I learned that you give bullies and toxic people a victory when you respond to their taunts. I like the old saying that the best revenge is living well. If you show them that their deliberate nastiness cannot control your behavior, they lose their power over you.
If someone has said something unintentionally that you find hurtful or demeaning, you may be able to educate them—to help them see why those words hurt. But I can almost guarantee that if you respond in anger, you will not feel better, and anger, even justifiable, rarely improves our ability to build healthy relationships.
When I was a senior in high school, I turned my back on one of my best friends because he told me that something I did was hypocritical. It took me years to realize a that first, he was right about me, though I didn’t want to see it, and second, both my life and his were less rich because I threw away a friendship.
I am an imperfect, flawed person. I have spent a lifetime struggling with some personal weaknesses that I hate. But I manage to do some good things too. As a person of faith, I have learned I do better at repentance and spiritual growth when I: (1) try to focus on doing more of the good things; (2) ask forgiveness from God and the people I may have wronged; and (3), don’t spend a lot of time replaying in my mind all the wrong and tawdry things I do. My life goes better when I concentrate instead on replacing those ugly things with more of the good.

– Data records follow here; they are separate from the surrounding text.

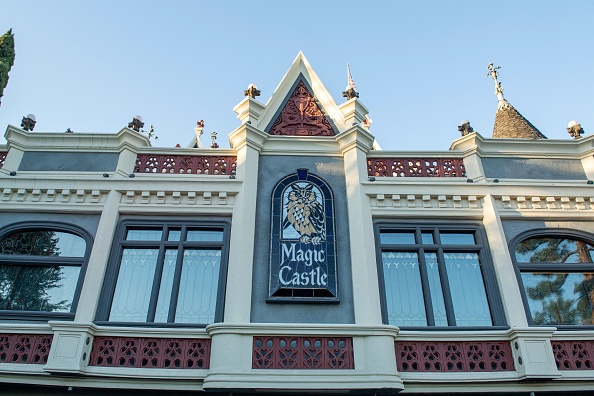 Vue du Magic Castle, à Hollywood, Californie, le 13 octobre 2021. Photo de Valérie MACON / AFP via Getty Images.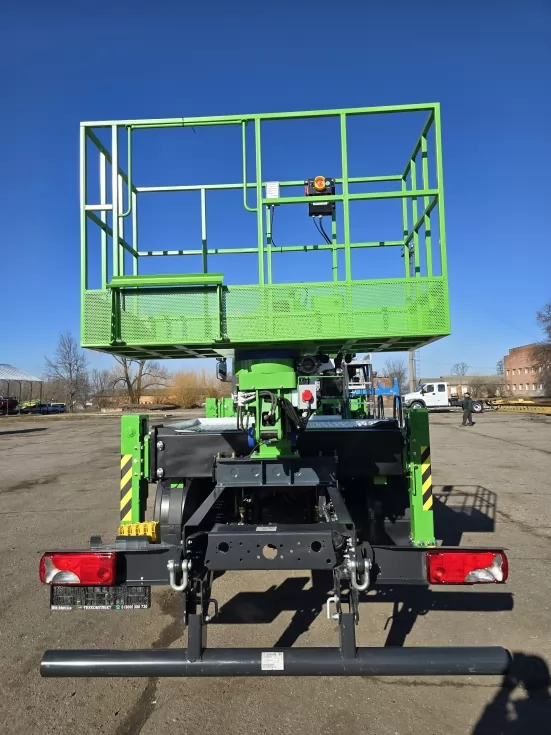 Енергетики Миколаївщини отримали потужну автовишку 35 м на повнопривідному шасі IVECO, фото 7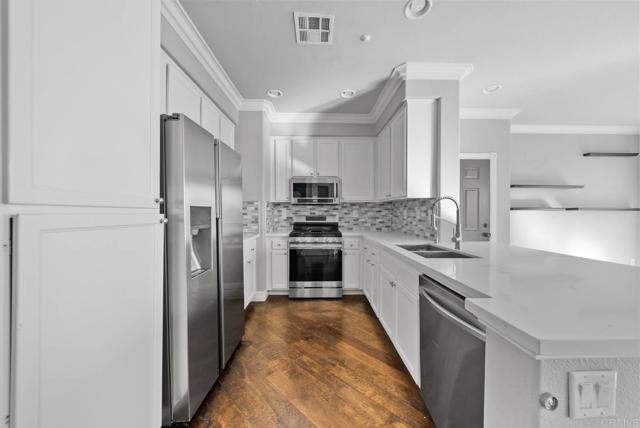 Detail Gallery Image 5 of 44 For 24731 Valleywalk St #6,  Murrieta,  CA 92562 - 3 Beds | 2/1 Baths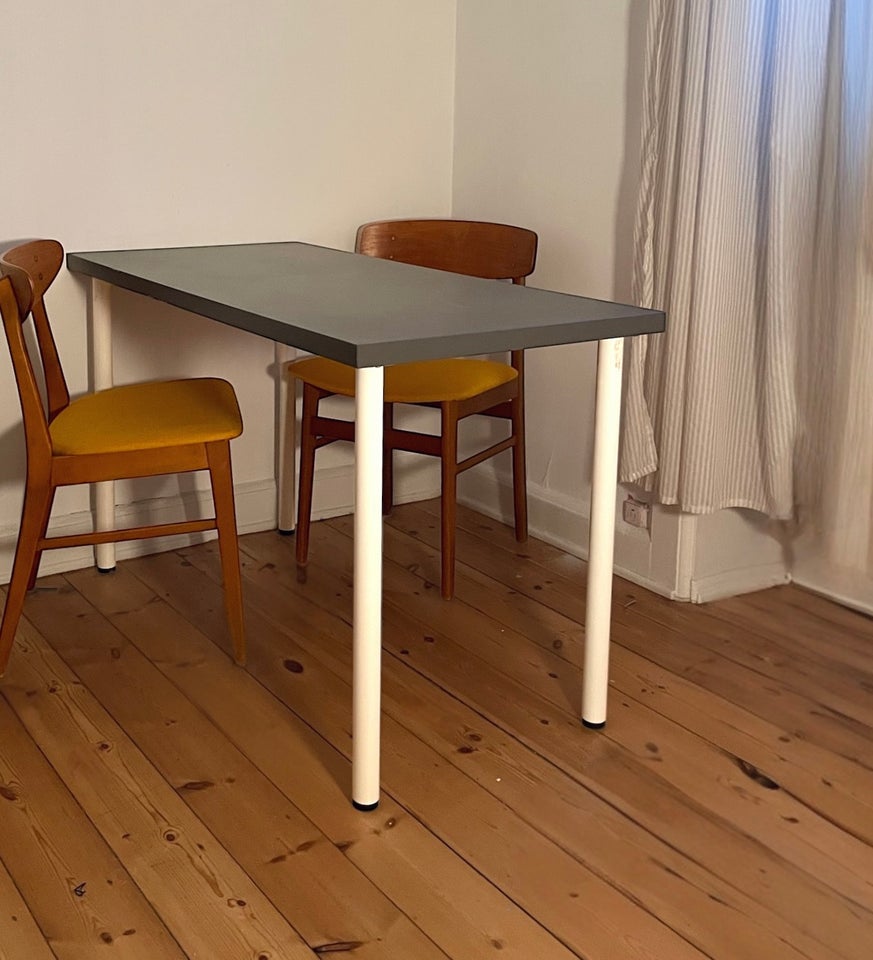 Skrivebord, Ikea , b: 100 d: 60 h: 74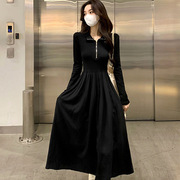 黑色长袖连衣裙女春秋季2024小众半拉链设计收腰显瘦中长款裙
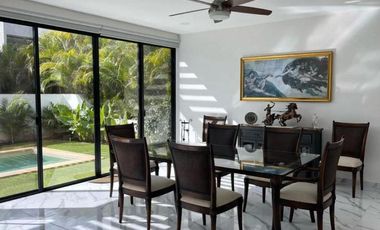 Casa en venta en Privada Oasis en el Yucatan Country Club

I’m also happier when I don’t spend a lot of time thinking about the things others may have done that I didn’t like. I don’t always have to pay attention to people who are deliberately trying to be toxic—those angry or damaged individuals who so desperately want to see my response.
I’m trying to get better at seeing the good in other people before I simply discard them. I’m trying to look at each individual as another child of God who is of great worth to Him even though that person might do things I wish they wouldn’t.
That rose I gave to my wife was not perfect. But as I sit here looking at it across the table, it looks pretty good from this distance. It is a work of heavenly design, a gift of beauty from our Heavenly Father to His children in a world that is not perfect.
Why should I focus on the flower’s flaws when I can enjoy the 90 percent that is perfect?